# Support Vector Machine (SVM) - Training Explained

This document provides a comprehensive overview of how Support Vector Machines (SVMs) work, focusing on their mathematical foundation, training objectives, and implementation details, including gradient-based optimization techniques.

## 1. Decision Function

For binary classification, the SVM decision function is:

$$f(x) = w^\top x + b$$

Where:

- $w$: Weight vector
- $b$: Bias (intercept)
- $x$: Input feature vector

The prediction is given by:

$$\hat{y} = \text{sign}(f(x)) = \text{sign}(w^\top x + b)$$

## 2. Objective Function (Hard Margin)

If the data is linearly separable, SVM tries to find the hyperplane with the maximum margin:

$$\min_{w, b} \quad \frac{1}{2} \|w\|^2$$

### Subject to constraints:

$$y_i(w^\top x_i + b) \geq 1 \quad \forall i$$

## 3. Objective Function (Soft Margin)

When data is not perfectly separable, we introduce slack variables $\xi_i$ to allow margin violations:

$$\min_{w, b, \xi} \quad \frac{1}{2} \|w\|^2 + C \sum_{i=1}^{n} \xi_i$$

Subject to:

$$y_i(w^\top x_i + b) \geq 1 - \xi_i, \quad \xi_i \geq 0$$

## 4. Gradient Descent Update Rule (Primal Form)

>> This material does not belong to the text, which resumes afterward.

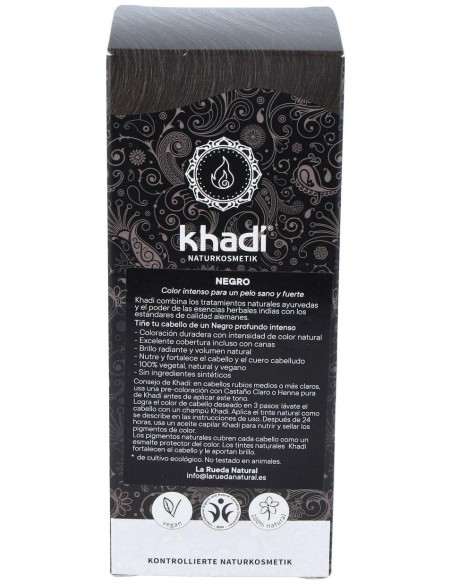 Tinte Herbal Color Negro 100 Gramos Khadi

We approximate the hinge loss with:

$$L(w, b) = \frac{1}{2} \|w\|^2 + C \sum_{i=1}^{n} \max(0, 1 - y_i(w^\top x_i + b))$$

Gradient updates:
- If $y_i(w^\top x_i + b) \geq 1$: $\nabla_w = w$, $\nabla_b = 0$
- If $y_i(w^\top x_i + b) < 1$: $\nabla_w = w - C y_i x_i$, $\nabla_b = -C y_i$

## 5. Stochastic Gradient Descent (SGD)

Instead of computing the gradient over the whole dataset, we update $w$ and $b$ using one sample at a time.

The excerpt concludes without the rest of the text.